Gordon even expects some of those drivers to resort to contact to move another driver out of the way -- or even into the wall -- if it means getting into the Chase.

"I'm not every guy out there but if we were, we would put the fastest race car out there, and if it came down to taking a little more risk, then we would do it," Gordon said. "Would I want to spin a guy out on the last lap to get the win? Depends on who I was racing and what kind of history I had with him and what kind of position I had with him. I wouldn't do that to just anybody."

Greg Biffle is one of those drivers who knows he has to win just to get in, but thus far, his team hasn't had to make any risky decisions.

"At Loudon we were as fast as Ryan Newman, but we were 16 laps short on gas. We could have gambled but there was nothing we could do," Biffle said. "You think about it ... but running 16 laps short is not giving us a very good chance."

But what if Biffle were running fifth and three laps short on fuel. Would he go for it?

"Under that scenario everybody will go for it because the opportunity is there," Biffle said.

Carl Edwards doesn't have to worry about that scenario because he currently leads the points and has a win. But Edwards could be in the middle of a situation with other drivers who have to win or get in.

"One thing I've seen in the last year or so is these drivers can handle double-file restarts, three-wide bumping into each other and everybody does a good job of racing right up to that line, so I have a lot of confidence in the guys I'm racing with," Edwards said. "We're ready to make some gambles, too. We need to win races to get some extra bonus points, so there is some pressure on us, too."

Edwards has one win while third-place Kevin Harvick and fourth-place Kyle Busch have three apiece. Fifth-place Matt Kenseth and seventh-place Gordon have two, so if it remained that way after Richmond, Edwards would be seeded fifth. That is why he has as much reason to win as the drivers trying to get into the Chase.

Hamlin has been hovering around 10th- and 11th-place for the past month and expects to see plenty of gambling by other drivers between now and the Chase cutoff race.

"That's about really the only thing they can do different is that if they are not in contention for a win during the course of the day because their car is not fast enough, they're going to have to maybe come in and top off, lose the track position and hope that the race goes green and that we have a fuel mileage race," Hamlin said. "Really, other than that you can't change your strategy that much over what it already is."

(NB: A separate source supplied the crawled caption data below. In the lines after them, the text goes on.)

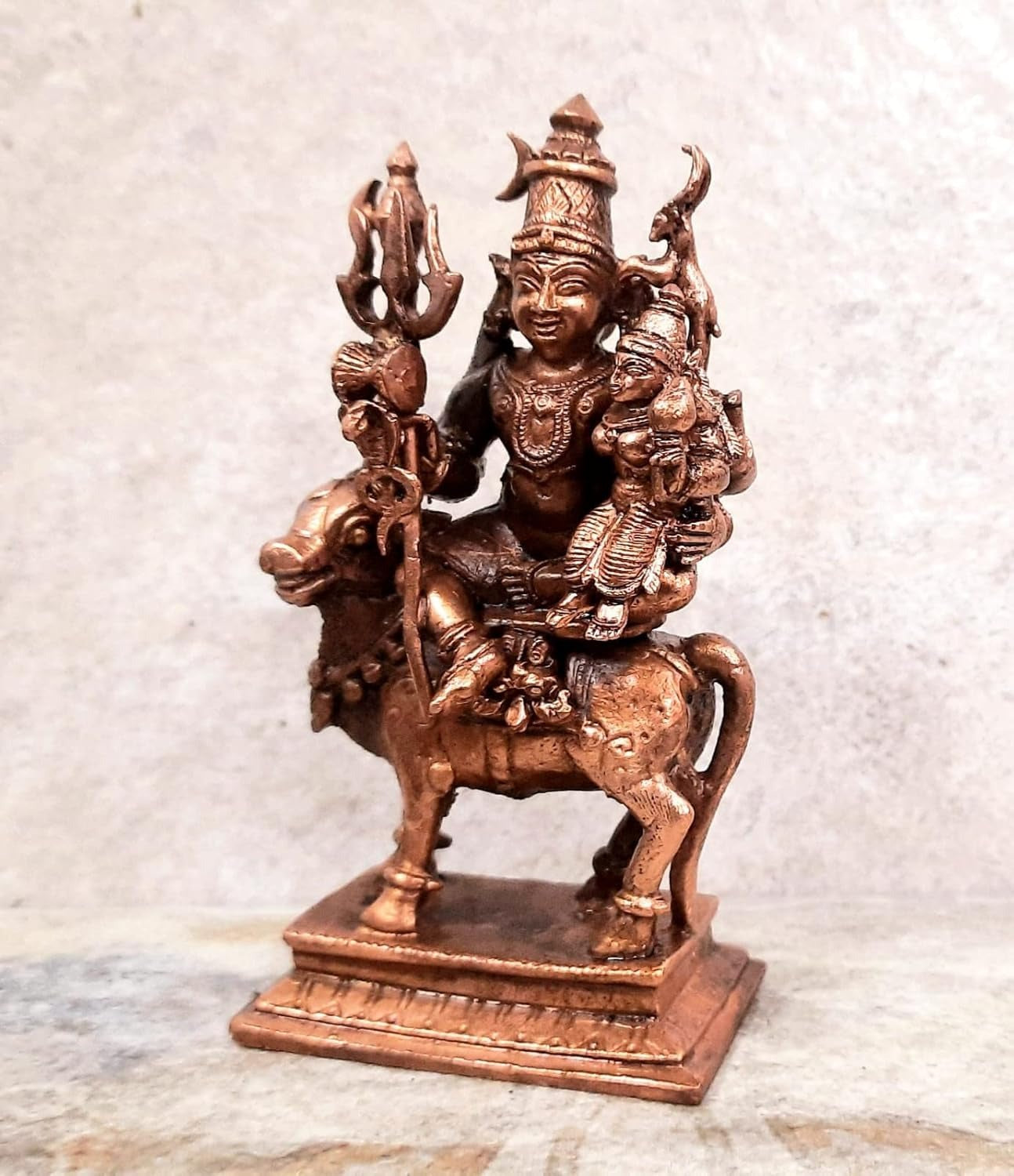 Brownish-Orange Copper Idols Of God Combo Shiva Parvathi Idol With Nandhi Vahnam Idol By Unikraf , 11.5 Cm, 471G, Patina Antique Finish, Pack Of 1 Piece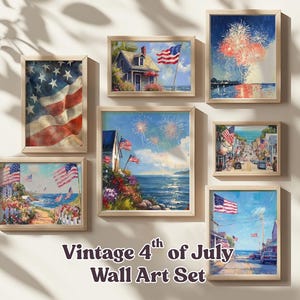 Printable Independence Day Art Set, Digital Download S80, USA Summer Wall Decor, American Flag, 4th of July Painting, Vintage Coastal Prints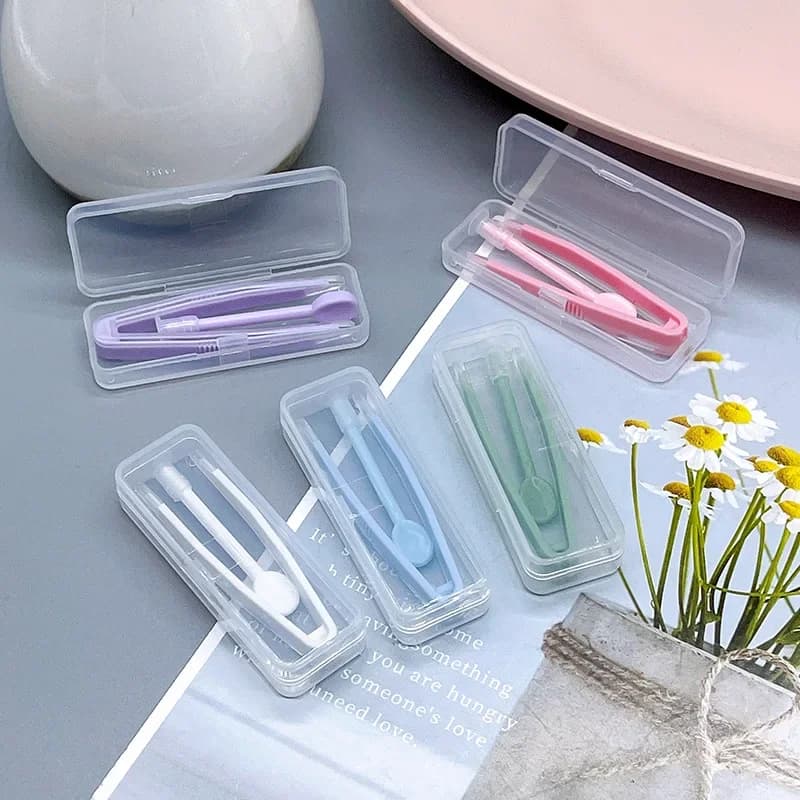 1 Set Inserto per lenti a contatto Strumento per l'uso Lenti a contatto Pinzette Bastone di aspirazione Kit da viaggio per la cura degli occhi Accessori per lenti a contatto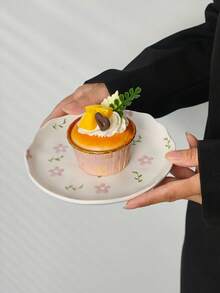 1/2/4pcs Floral Ceramic Dinner Plates, Fresh Ceramic Round Rim Plates, Home/Restaurant Dessert Plates, Casual Snack Plates, Afternoon Tea Cake Plates, Fruit Plates, Candy Dishes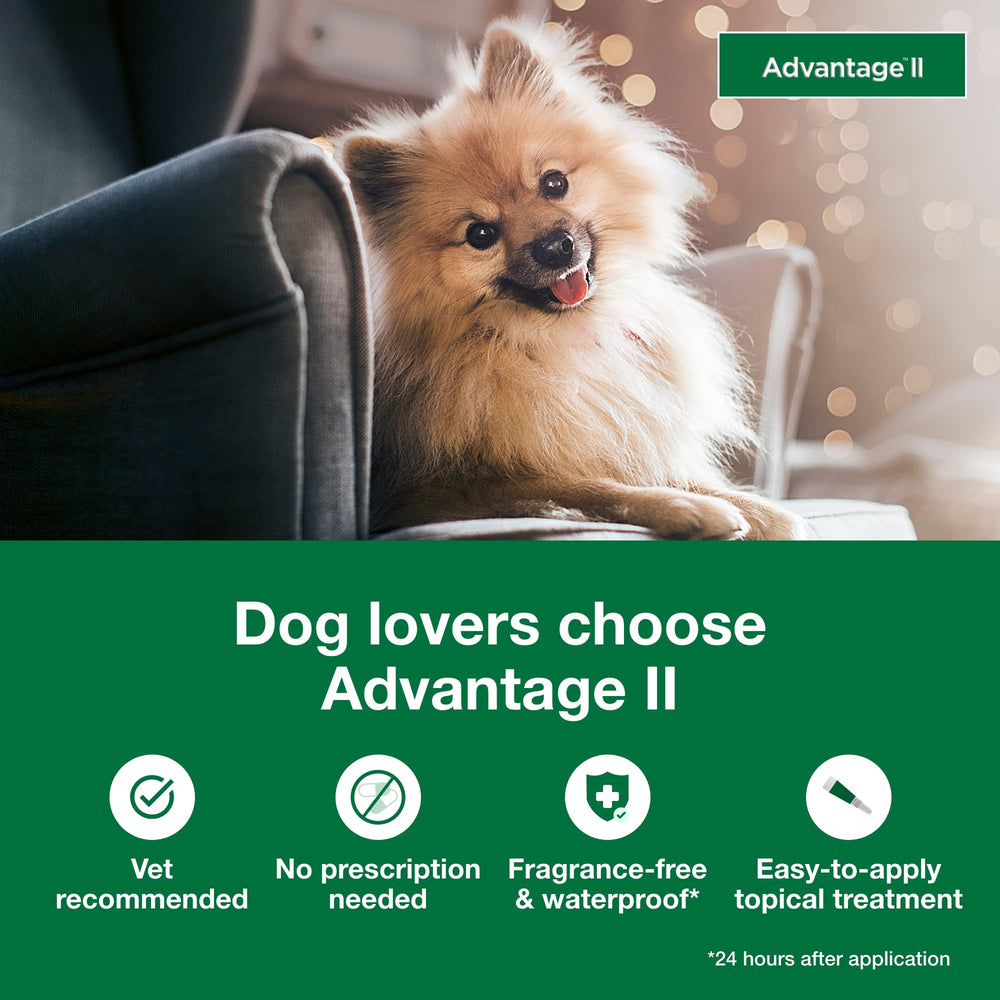 Advantage II Small Dog packaging box highlights OTC convenience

With the way things are going, the wild card could come to down to the race at Richmond on Sept. 10. If it does, Hamlin agrees with Gordon that things could get rough.

"At Richmond, if they [winless drivers] are in position to try to get the win, you're going to see them being extra aggressive but you're not going to be able to do it from eighth to 10th place if that's where you're running. ... Obviously, if some guy's going for a win on a last lap or something and it's a guy that's fighting for a Chase spot and or wild-card position, it definitely could get physical."

Biffle also sees that as a possibility.

"If one of those guys has to win to get in, they will be as aggressive as they can. You will rough them up as much as you can to get the win."

What's it going to be -- teams that are gambling they have enough fuel to be good to the last drop? Or will it be full-contact racing?

Either way, expect the next six weeks to be quite intriguing as NASCAR drivers get down to some Risky Business.